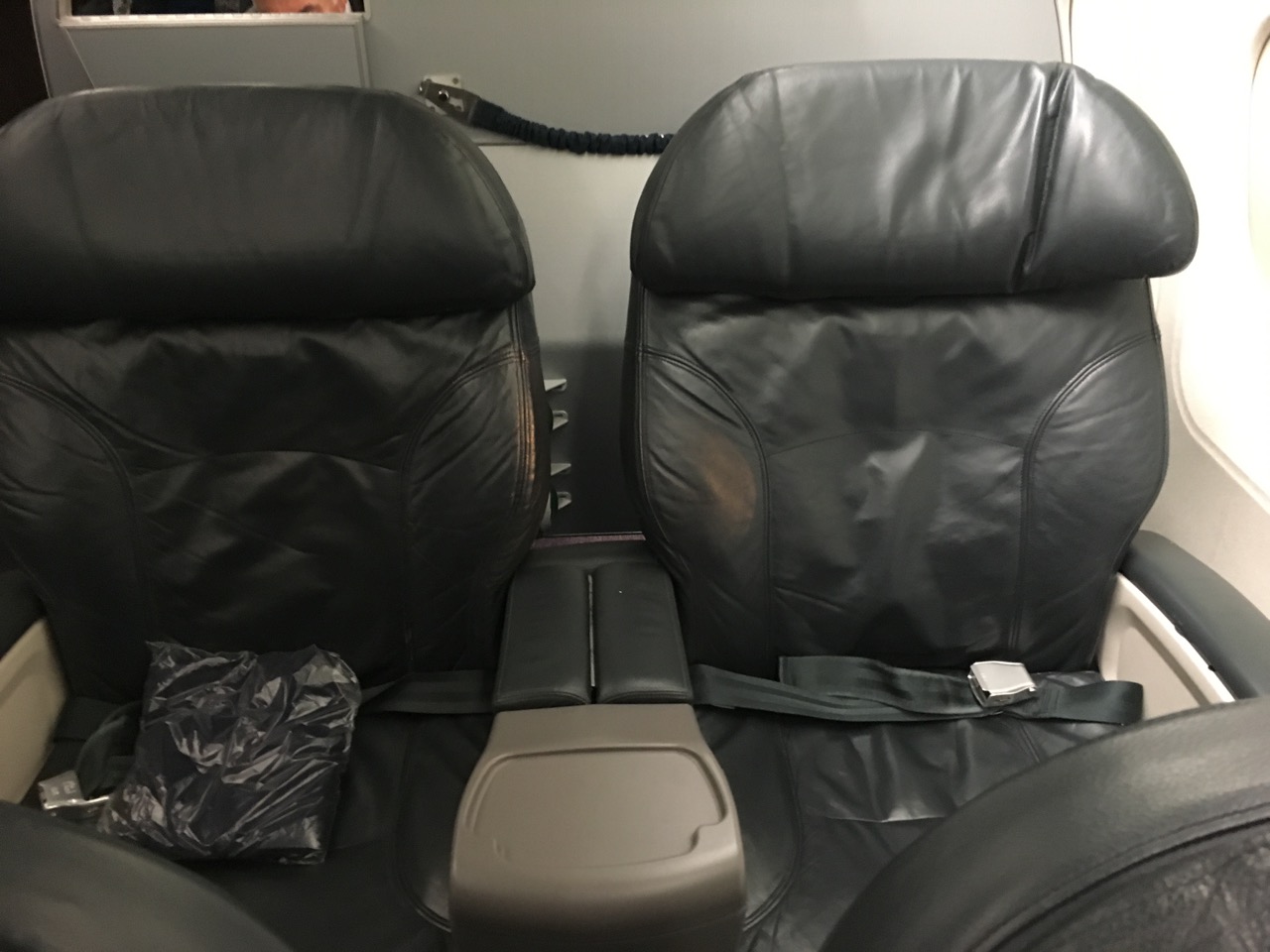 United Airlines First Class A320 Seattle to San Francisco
--
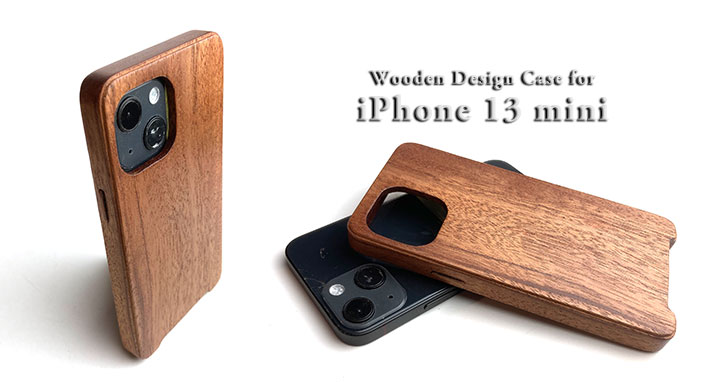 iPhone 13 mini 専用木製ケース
* * *
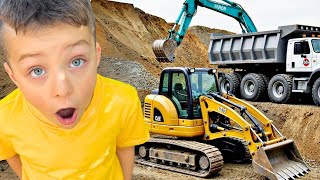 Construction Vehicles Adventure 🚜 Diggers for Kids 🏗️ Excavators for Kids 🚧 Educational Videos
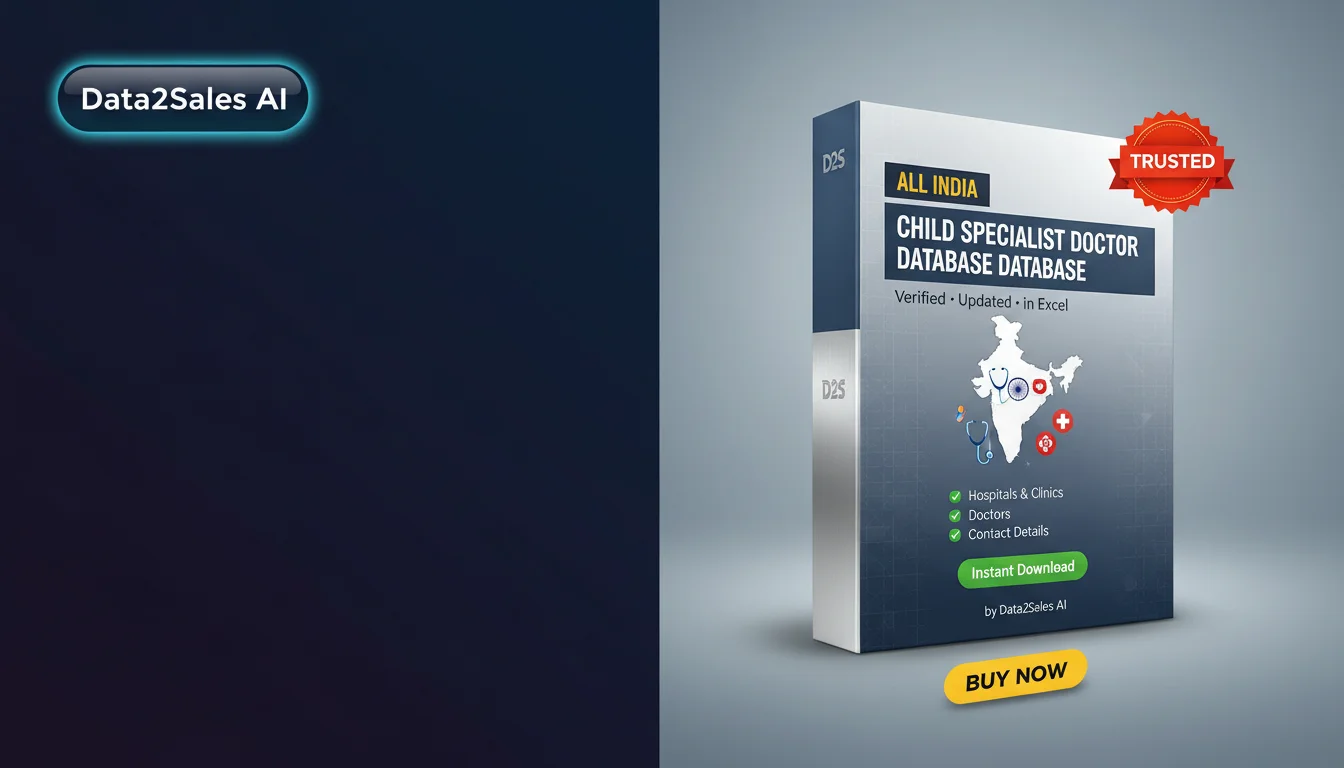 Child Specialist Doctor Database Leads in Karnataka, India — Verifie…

**TASK DIRECTIONS:**
Set down again, word for word, every line from the one with "Construction Vehicles Adventure" to the one with "Child Specialist Doctor" in the entries above, and omit the pictures.

**ANSWER TO THIS TASK:**
 Construction Vehicles Adventure 🚜 Diggers for Kids 🏗️ Excavators for Kids 🚧 Educational Videos
 Child Specialist Doctor Database Leads in Karnataka, India — Verifie…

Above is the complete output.